_Work to be completed:_ Look for the line containing "My photograph ofA" and the line containing "Family in front of home" in the entries below. Copy those two and all lines between them exactly, leaving out pictures.
======== Exercise inputs ========
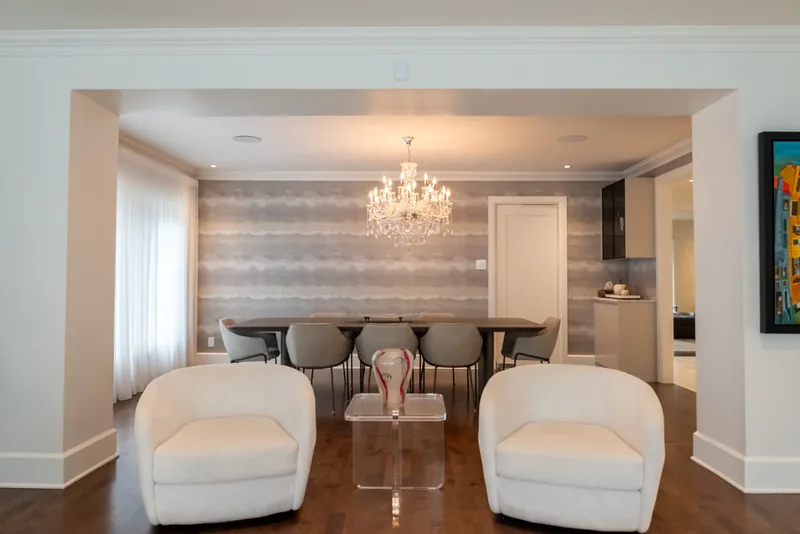Open living and dining area with white swivel lounge chairs and a crystal chandelier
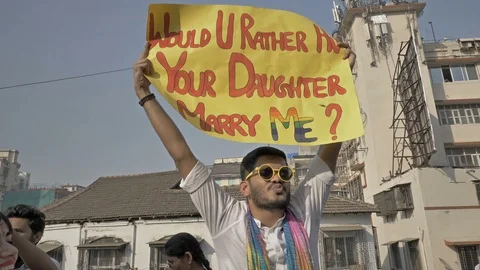 A young man holding a placard with message and blowing kisses at crowd Stock Footage 86138853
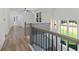 Second floor hallway with wood railing, black iron spindles, wood floors, and large sunny windows at 5567 Tyree Rd, Winston, GA 30187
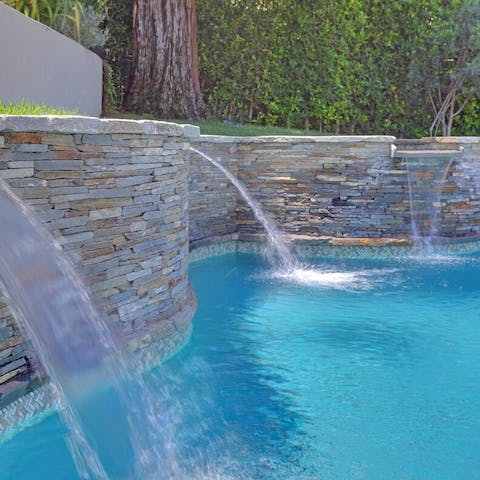Loll under the swimming pool waterfalls for some hydrotherapy
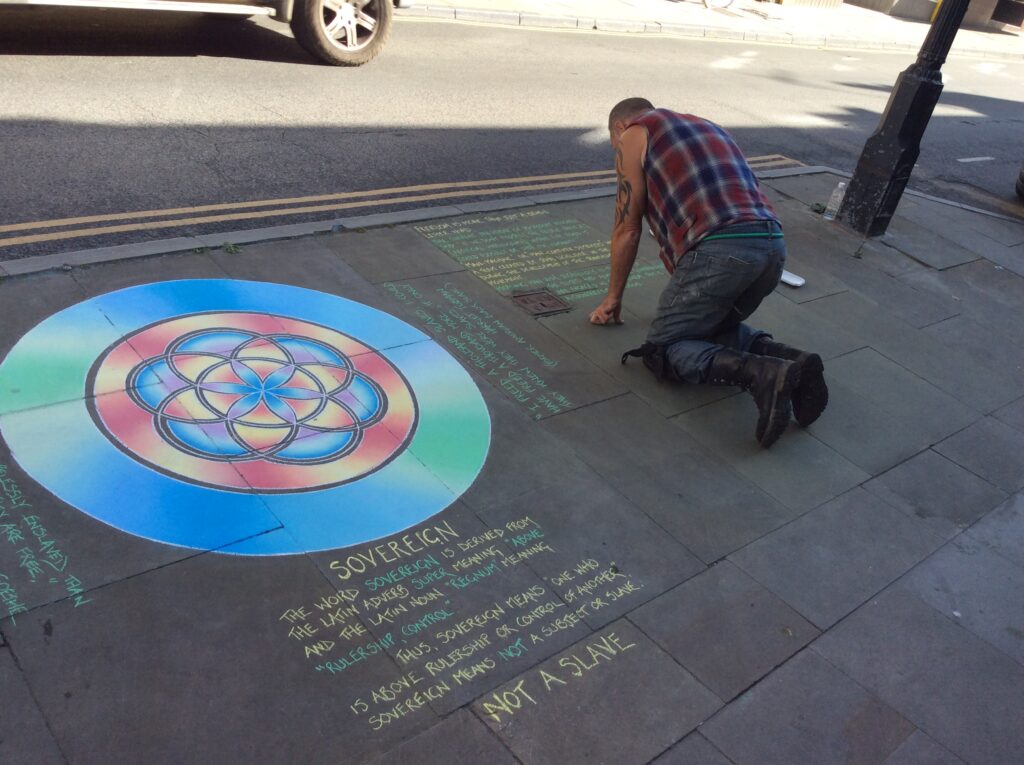 My photograph ofA man deals on the floor with chalk drawing and writing images on the floor in Glastonbury. You can see a sacred geometry drawing and below that that’s writing.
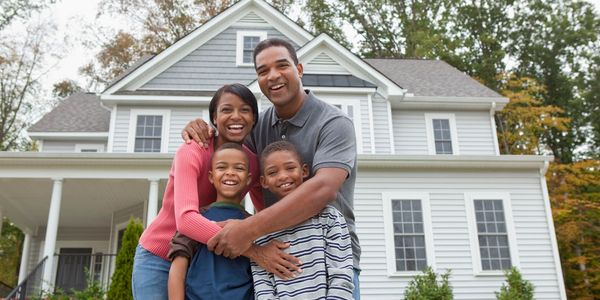 Family in front of home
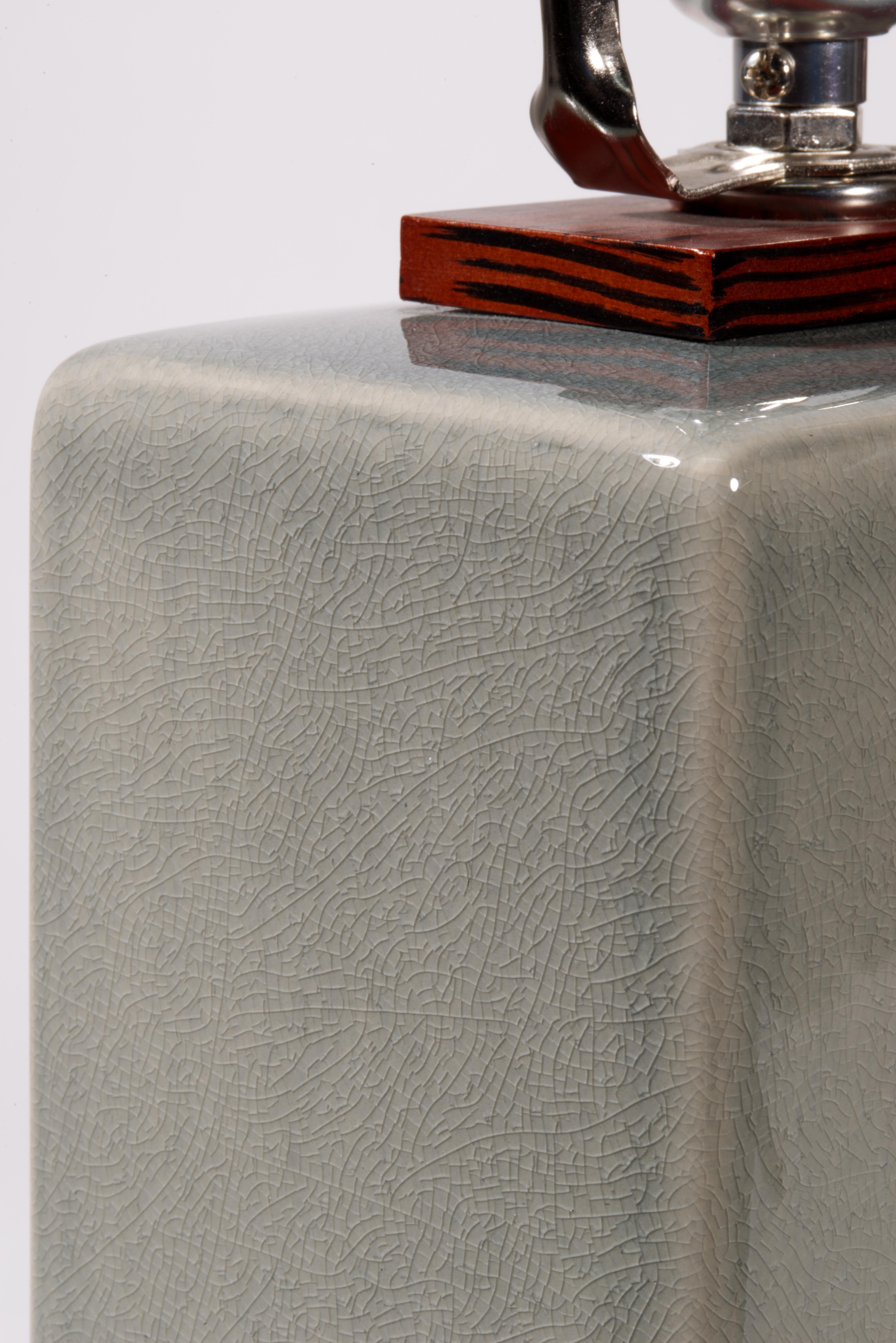  Die elegante Ralph-Lauren-Tischlampe hat einen rechteckigen, skulpturalen Korpus aus Keramik oder Porzellan mit grauer Glasur. Die detailreiche, feine Textur der Craquelé-Glasur wird durch die glänzende, klare Deckglasur hervorgehoben, die der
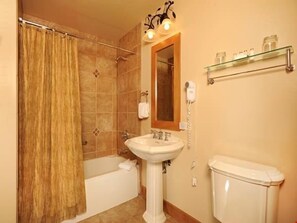 Get ready for the day in the modern and bright bathroom.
========
_Reply:_
 My photograph ofA man deals on the floor with chalk drawing and writing images on the floor in Glastonbury. You can see a sacred geometry drawing and below that that’s writing.
 Family in front of home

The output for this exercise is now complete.